[Opening GIVEN INFORMATION section]

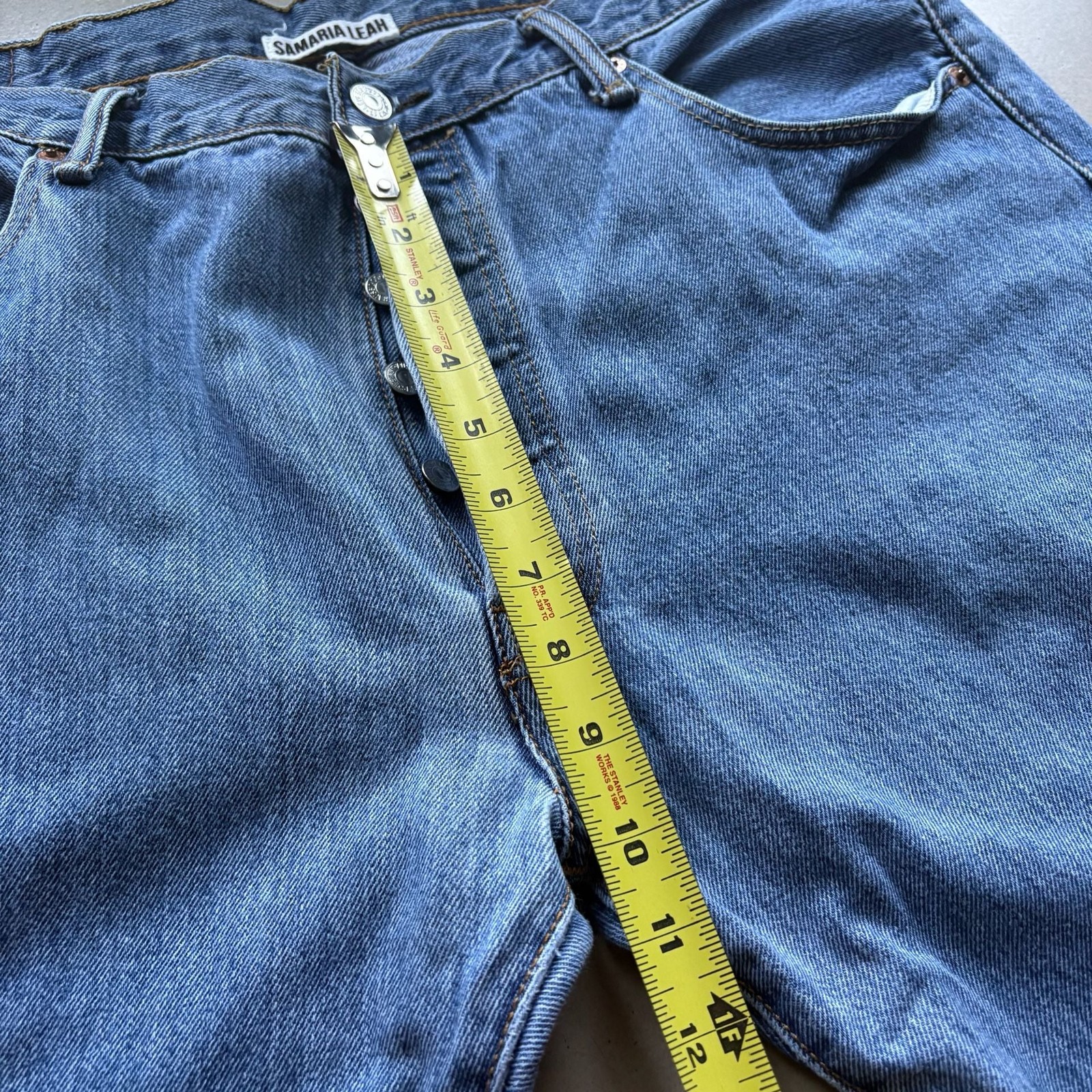 Samaria Leah Upcycled Levi’s 501 Button-Fly Straight Leg Jeans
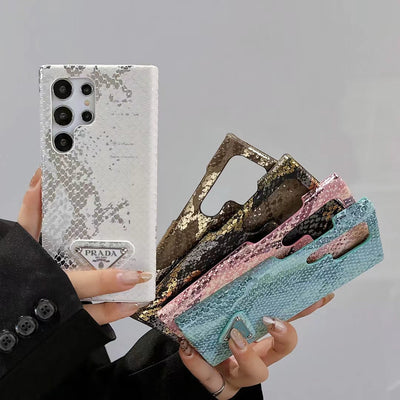 Luxury Samsung Case with Snake Pattern Texture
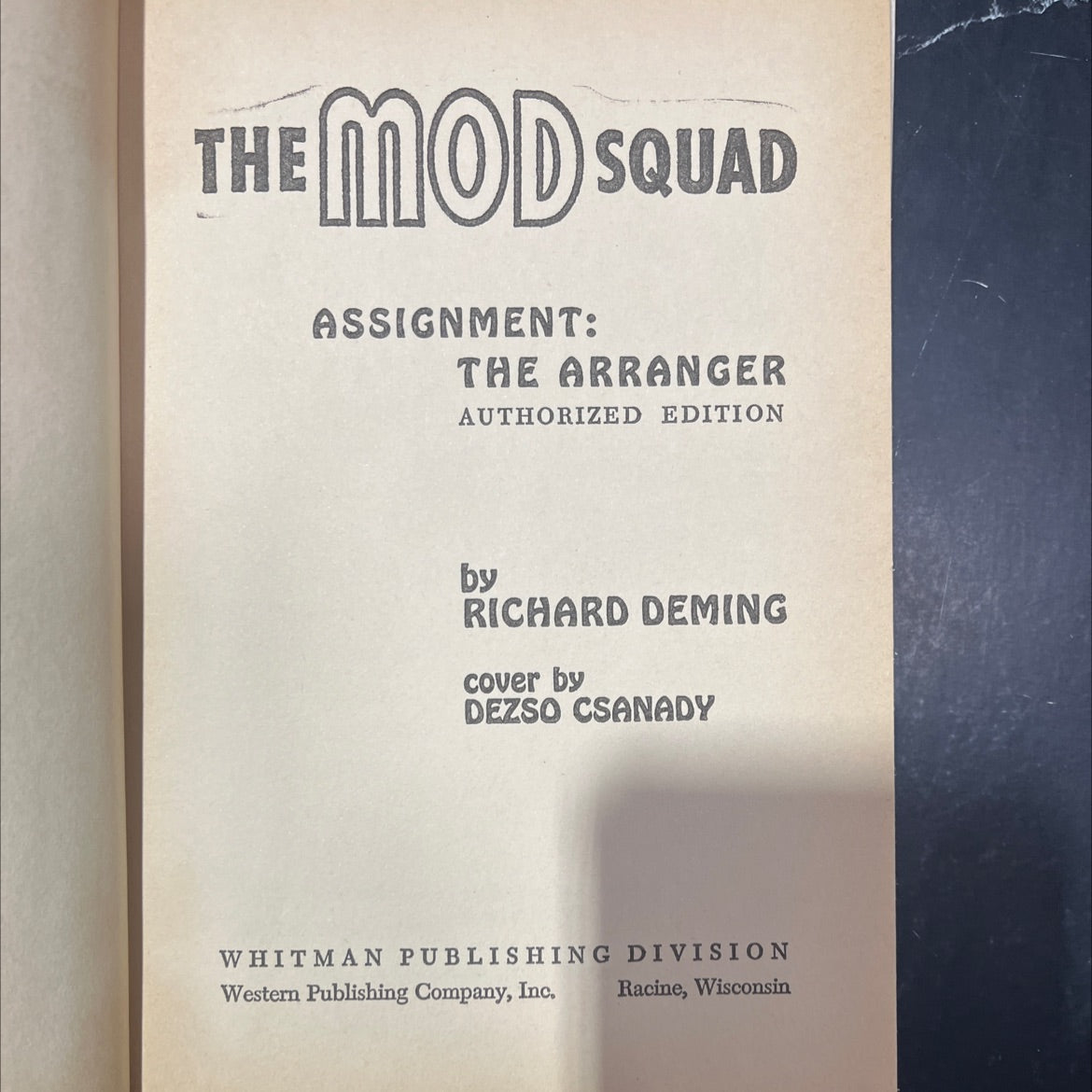the mod squad assignment: the arranger authorized edition book, by richard deming, 1969 Hardcover image 2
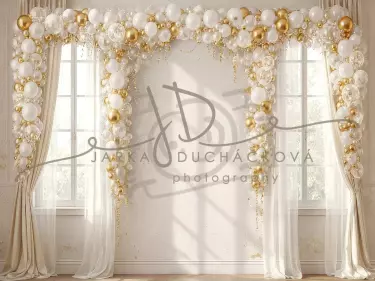 NAROZENINY - okna s balonky 2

[Closing GIVEN INFORMATION section]

### ASSIGNED TASK
Extract every line of the data exactly; pictures stay out.

### SOLUTION TO THIS TASK
 Samaria Leah Upcycled Levi’s 501 Button-Fly Straight Leg Jeans
 Luxury Samsung Case with Snake Pattern Texture
the mod squad assignment: the arranger authorized edition book, by richard deming, 1969 Hardcover image 2
 NAROZENINY - okna s balonky 2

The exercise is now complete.